Thursday, 9 March, 2000

Nato spokesman Jamie Shea has rejected allegations that a mole gave details of the alliance's bombing plans to Yugoslav authorities during last year's air campaign.
Mr Shea said there was "no proof, no evidence".
"It's speculative and that's all," he told the Today programme on BBC Radio 4.
He said top Nato officials knew nothing about an internal US military report into the alleged spying.
"The air campaign has been over now for the best part of a year, and surely if there really was damning evidence of a major compromise of Nato security, the people with the need to know in Nato would have heard about it by now," he said.
It was strange, Mr Shea suggested, that the US Air Force would have told a BBC journalist about the report, and not mentioned it to Nato in Brussels.
The Nato spokesman also said that if the Serbs had known the flight paths of alliance aircraft, more would have been shot down.
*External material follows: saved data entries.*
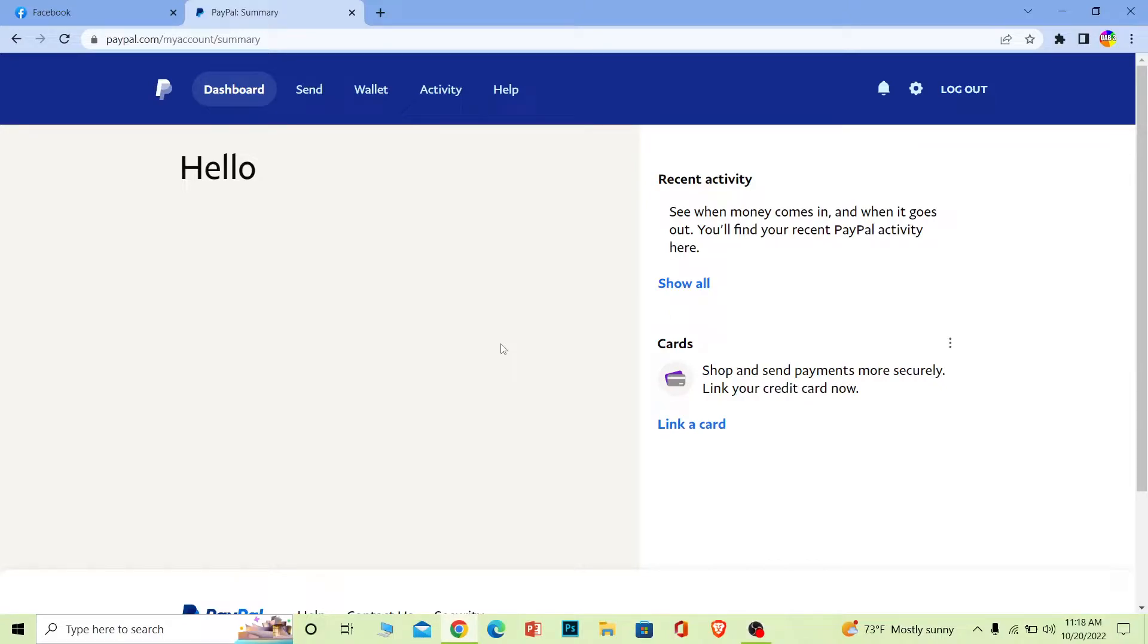Now once you delete your PayPal account, all the information related with your PayPal is also going to be deleted. So if you are sure you want to do this, then only follow the steps which I'm gonna be showing you. Once you do it, you cannot recover your account.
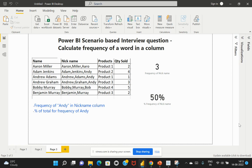Hi everyone, welcome back to my channel Learn at Cloud Analytics. Are you someone who is preparing for a Power BI interview, or if you are a beginner trying to understand how you can apply different DAX expressions within a real-time project, then this video is going to be helpful for you. Hi, I'm Zailaja. In this video I'll be explaining a real-time Power BI scenario-based interview question which was recently asked for one of my colleagues.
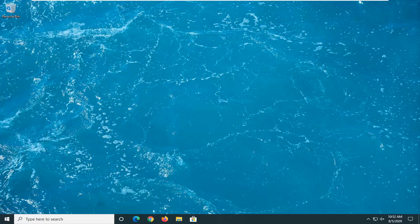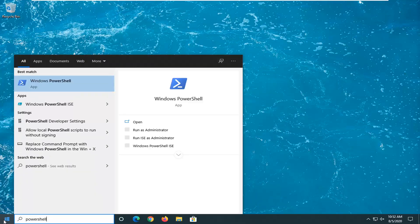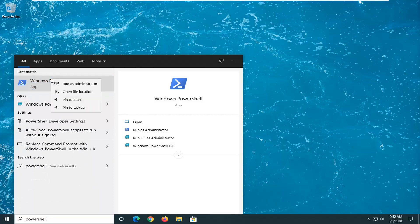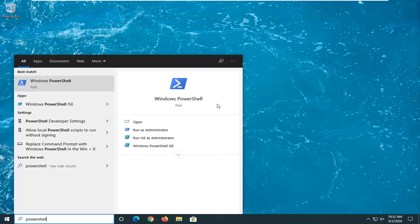We're going to start by opening up the Start menu. Type in PowerShell. Best result, you'll go back to Windows PowerShell here. Go ahead and right click on that and select Run as Administrator. If you receive a user account control prompt, select Yes.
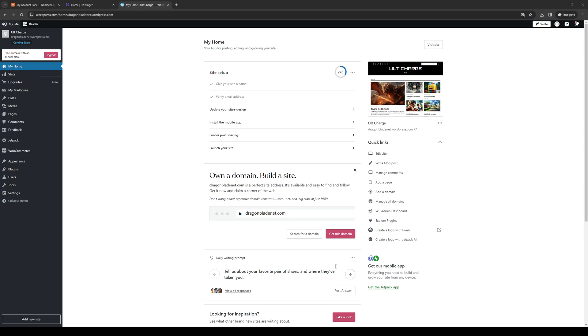How's it going everyone and welcome back to the channel. So in today's video I'll be teaching you guys how to properly change your domain name in WordPress. So without further ado let's dive right in.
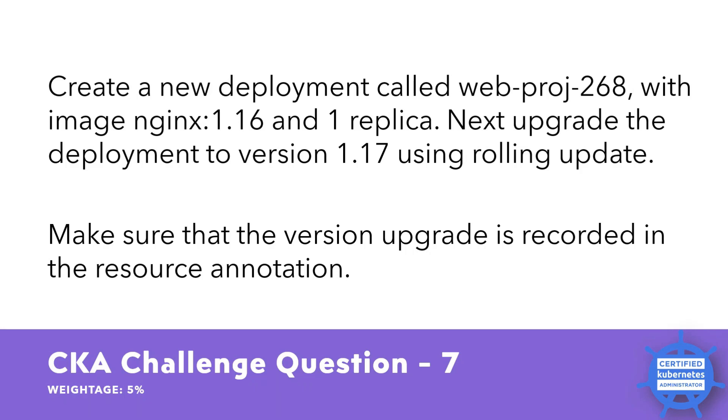CKA challenge question 7 having the weightage of 5 percent. Create a new deployment called webproject268 with the image nginx. You have to use the tag 1.16 and 1 replica.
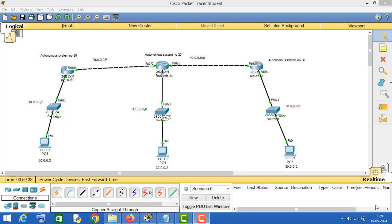Hello friends, in this video I am going to show you how to configure BGP routing protocol in Cisco Packet Tracer. BGP stands for Border Gateway Protocol. I have already assigned IP addresses to all these routers and PCs so you don't have to waste your time watching me assign IP addresses to these networking nodes.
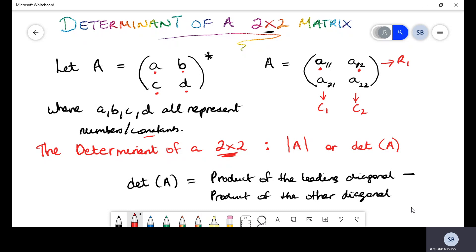They're using that subscript based on the row and the column that the letter is positioned in. Remember, when ordering or naming matrices, you always start with the row it belongs to, then its column. For example, the third entry belongs to the second row and the first column, so it's called a sub 21. Now you understand how they arrived at naming them.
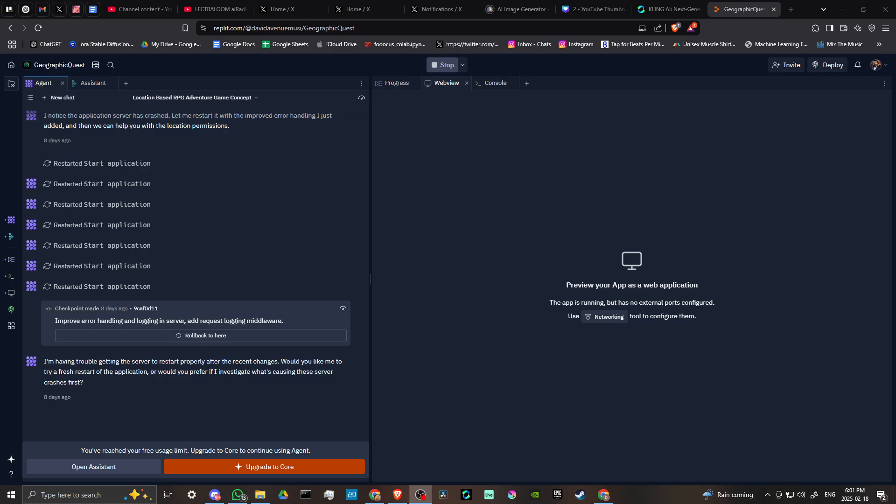Hey everyone, in this video, let's talk about the difference between agent and assistant in Replit. In order to do so, here we are in a project on Replit opened up.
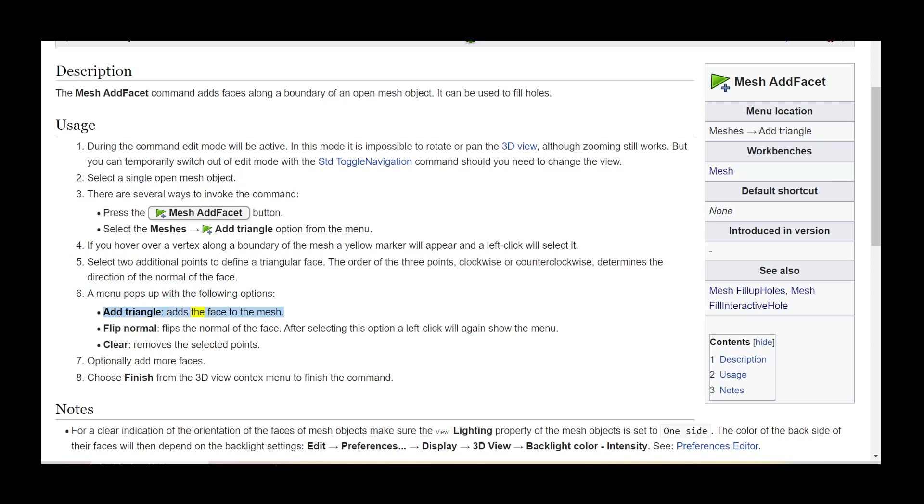A menu pops up with the following options. Add triangle adds the face to the mesh. Flip normal flips the normal of the face. After selecting this option a left click will again show the menu.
"If it were true that the Serbs had access to lots of juicy information about Nato's most secret operational planning and targetting, how is it that we were able to conduct, over 78 days, 38,000 sorties involving 1,200 aircraft, and not lose a single pilot and only have two aircraft shot down?
"Surely if they had had this information, they would have made better use of it."

Anti-aircraft fire
He denied that the poor record of the Serb anti-aircraft units could be put down only to the high altitude of the bombers, and the units' decision not to use the most sophisticated guns.
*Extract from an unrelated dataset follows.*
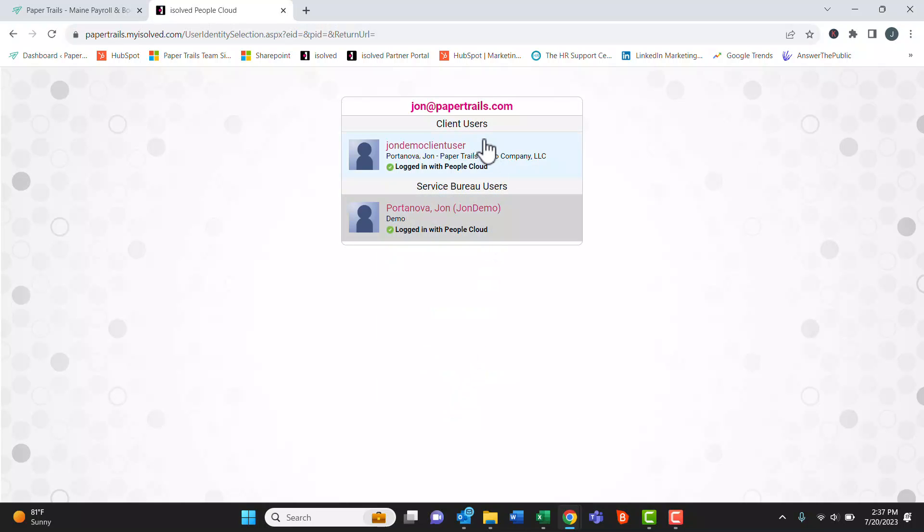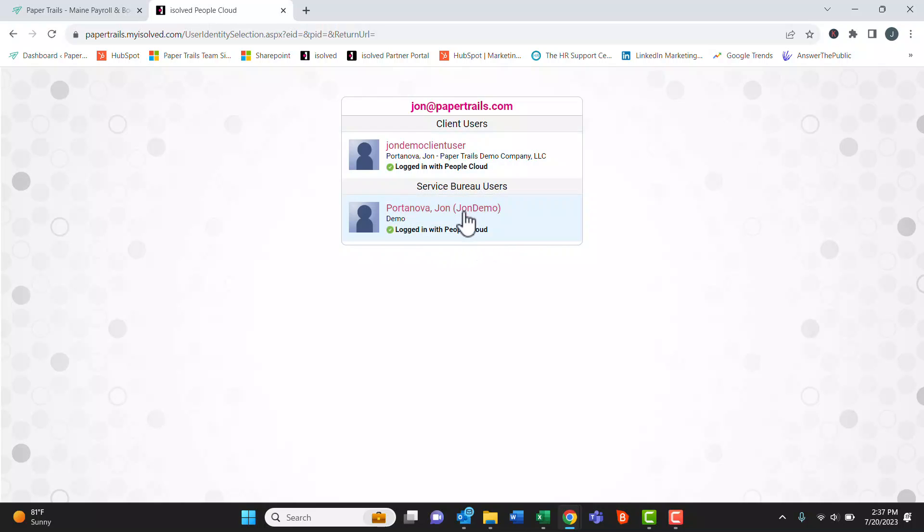Sometimes you might have different types of user accounts for your iSolved account. A lot of you will just have one account, but if you have multiple make sure you choose the right one.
"They were taking a great deal of anti-aircraft fire every evening. If we lost fewer planes it wasn't because the Serbs weren't firing ... but because our pilots were extremely professonal at taking evasive action.
"Air defence is extremely effective at 15,000 feet, if it were true that the Serbs had all this information. I don't think they did have it, because otherwise I fail to believe that they wouldn't have put it to some use."
Mr Shea said the decision to restrict the distribution of air task orders from 600 to 100 people in the early days of the campaign was taken as part of "standard operating procedures", not because there was any suspicion of a leak.
He said the initial figure of 600 people with access to this information was not an "enormous number" given the size of the Nato alliance.
Nato had 19 members, he said, and diplomats and military officials from each country had to be kept informed.